Ingredient of the Week: Beef
This week on Todd Kliman’s Washingtonian chat, a reader asked about the difference between Kobe and Wagyu beef, and if they were the same thing. Kliman’s response was:
[T]hey are NOT the same. The restaurant industry would like you to think they are the same. A lot of menus are constantly referring to something called “American Kobe.” There’s a reason it’s in quotation marks: There’s no such thing.
In most cases, kobe is a scam.
Real kobe — the kind that comes from Japan, from cows that have been treated better than some spa-goers — is prohibitively expensive. You can sample it right now at BLT Steak. It’s $130 for five ounces.
Wagyu is tasty, but really nothing close to kobe, which is famed for its exceptional marbling. In essence, its fat content. A slice of real kobe is akin — as my wife once put it — to tallow-flavored butter. Five ounces will make your heart race. Three, four ounces in, you’ll feel as if you’d ingested a few uppers or run up a couple of flights of stairs.
We’d like to delve deeper into this issue, because Kliman makes a good point. Many restaurants are misrepresenting the beef on their menus by calling it American Kobe, and charging in accordance.
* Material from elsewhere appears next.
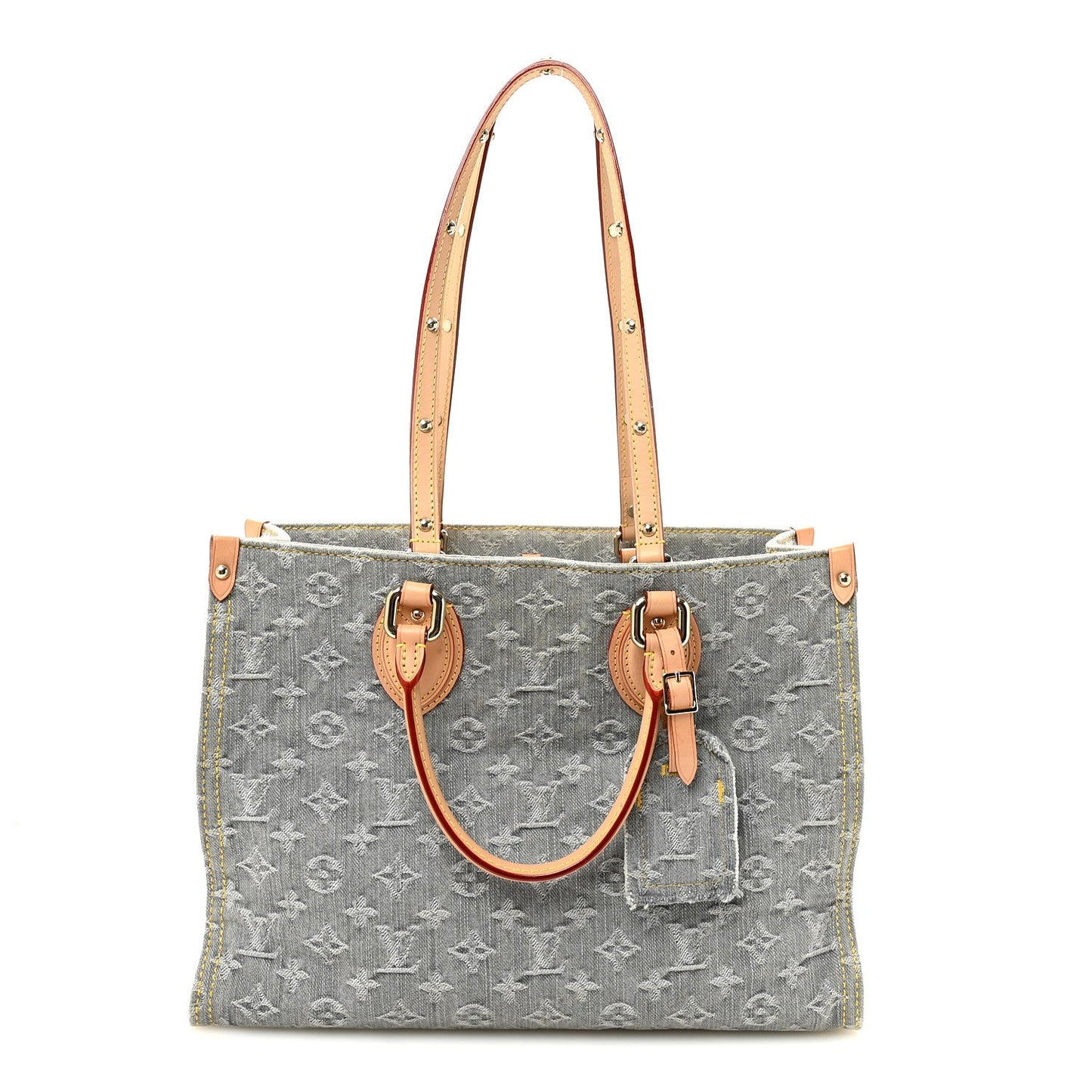 Monogram Denim Onthego MM Washed Gray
Kobe is Wagyu beef, but Wagyu is not Kobe. Kobe beef refers to the specific type of Wagyu cattle raised in Hyogo Prefecture. The cattle are treated to the famous massages and diets of sake and beer. This mixture of treatment, as well as a variable climate, makes for happy, delicious, fatty cows. The meat is beautifully marbled with tiny veins of evenly distributed fat, unlike the huge globs o’ fat found in other typical beefs.
However, there is such a thing as American Wagyu. Many ranchers have imported Wagyu-breed cows and cross-bred them with Angus cows, often until there is very little Wagyu in the bloodlines. This, in combination with less fancy treatment, shorter lives and a different climate, makes for less happy, fatty cows. Not to mention a lot less delicious with the dreaded globs o’ fat.
For the most part, you might as well save the bucks and just go for a prime piece of Angus steak. It’s likely to be just as or more delicious than this so-called Kobe beef. Or if you want the real thing you can spring the $130 for the five ounces at BLT Steak.